United States District Court, N.D. California

April 2, 2014

JESSE PEREZ, Plaintiff,
J. PRELIP, Senior Special Agent and Officers A. GATES, S. BURRIS, D. GONGORA, E. HEALY and G. PIMENTEL, Defendants.


CLAUDIA WILKEN, District Judge.

Plaintiff Jesse Perez, an inmate at Pelican Bay State Prison (PBSP), filed a pro se civil rights action pursuant to 42 U.S.C. § 1983 alleging that staff at PBSP violated his constitutional rights. Plaintiff has also moved for leave to proceed in forma pauperis (IFP). The Court finds that Plaintiff's IFP application is complete and grants it in a separate Order. The Court addresses Plaintiff's claims.


I. Standard of Review

A federal court must conduct a preliminary screening in any case in which a prisoner seeks redress from a governmental entity or officer or employee of a governmental entity. 28 U.S.C. § 1915A(a). In its review, the court must identify any cognizable claims and dismiss any claims that are frivolous, malicious, fail to state a claim upon which relief may be granted or seek monetary relief from a defendant who is immune from such relief. 28 U.S.C. § 1915A(b)(1), (2). Pro se pleadings must be liberally construed. Balistreri v. Pacifica Police Dep't , 901 F.2d 696, 699 (9th Cir. 1988).

To state a claim under 42 U.S.C. § 1983, a plaintiff must allege two essential elements: (1) that a right secured by the Constitution or laws of the United States was violated, and (2) that the alleged violation was committed by a person acting under the color of state law.

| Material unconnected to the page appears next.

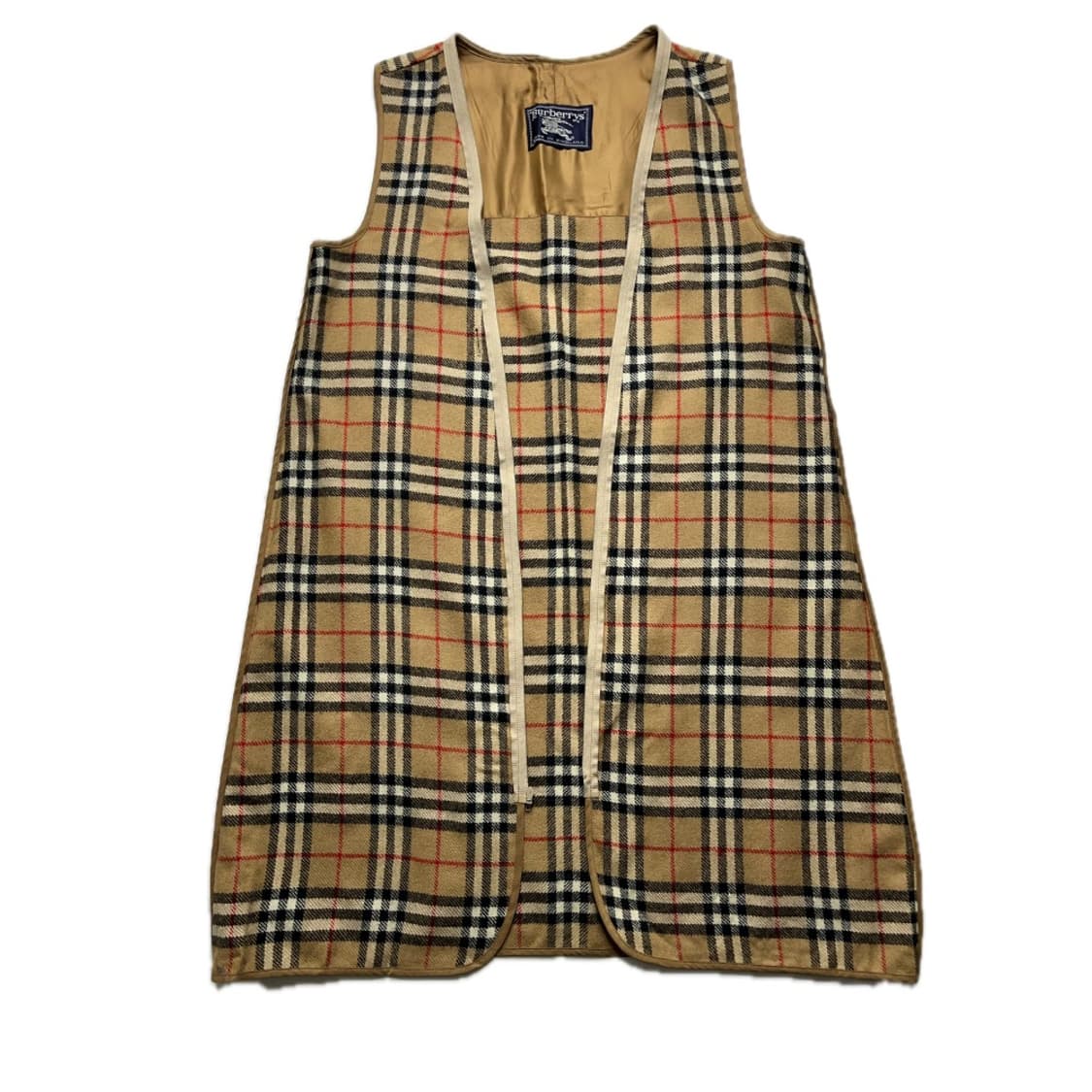 버버리 울 노바 체크 조끼 중고 구제 빈티지 상품이미지1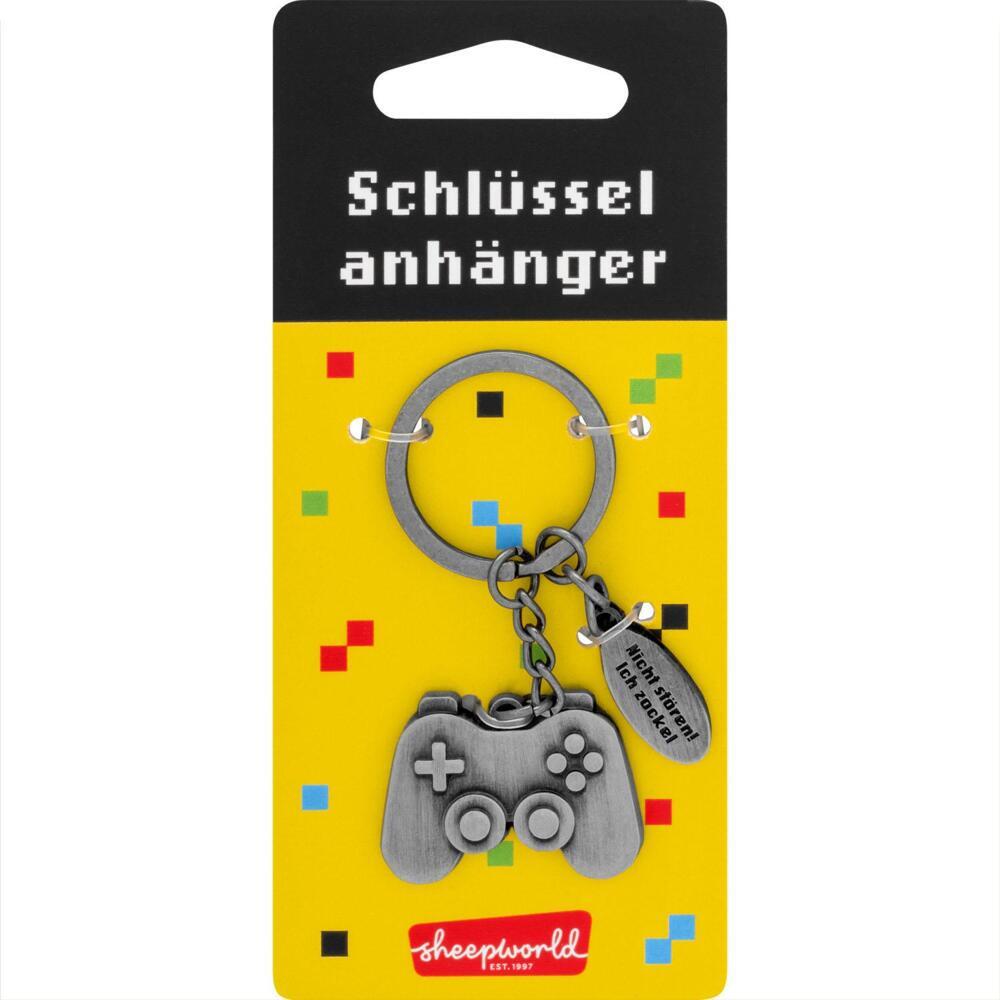 Weitere Ansicht: Schlüsselanhänger Motiv "Zocken"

West v. Atkins , 487 U.S. 42, 48 (1988).

Liability may be imposed on an individual defendant under 42 U.S.C. § 1983 if the plaintiff can show that the defendant's actions both actually and proximately caused the deprivation of a federally protected right. Lemire v. Cal. Dep't Corrections & Rehabilitation , 756 F.3d 1062, 1074 (9th Cir. 2013); Leer v. Murphy , 844 F.2d 628, 634 (9th Cir. 1988); Harris v. City of Roseburg , 664 F.2d 1121, 1125 (9th Cir. 1981). A person deprives another of a constitutional right within the meaning of § 1983 if he does an affirmative act, participates in another's affirmative act or omits to perform an act which he is legally required to do, that causes the deprivation of which the plaintiff complains. Leer , 844 F.2d at 633. Under no circumstances is there respondeat superior liability under § 1983. Lemire , 756 F.3d at 1074. Or, in layman's terms, under no circumstances is there liability under § 1983 solely because one is responsible for the actions or omissions of another. Taylor v. List , 880 F.2d 1040, 1045 (9th Cir. 1989); Ybarra v. Reno Thunderbird Mobile Home Village , 723 F.2d 675, 680-81 (9th Cir. 1984).

II. Plaintiff's Allegations

Plaintiff alleges the following. In 2006, Plaintiff filed a lawsuit in the Eastern District of California against multiple Institutional Gang Investigators (IGI) and other employees of the California Department of Corrections and Rehabilitation (CDCR)[1] for due process violations arising from the defendants' unconstitutional validation, segregation and placement of Plaintiff in the Secured Housing Unit (SHU) because he was validated as a gang associate. The district court denied the defendants' motion for summary judgment based on qualified immunity and, on October 15, 2010, the defendants appealed this decision. The Ninth Circuit appointed counsel to represent Plaintiff. On October 2, 2012, Plaintiff's attorneys informed him that the defendants expressed an interest in entering into settlement negotiations. Plaintiff's settlement terms included payment of damages and a new initial validation procedure for Plaintiff that followed the new regulations. In return, Plaintiff would dismiss his lawsuit. Plaintiff agreed to negotiate with the defendants. On October 9, 2012, the Ninth Circuit granted the parties' joint motion to postpone oral argument pending settlement negotiations.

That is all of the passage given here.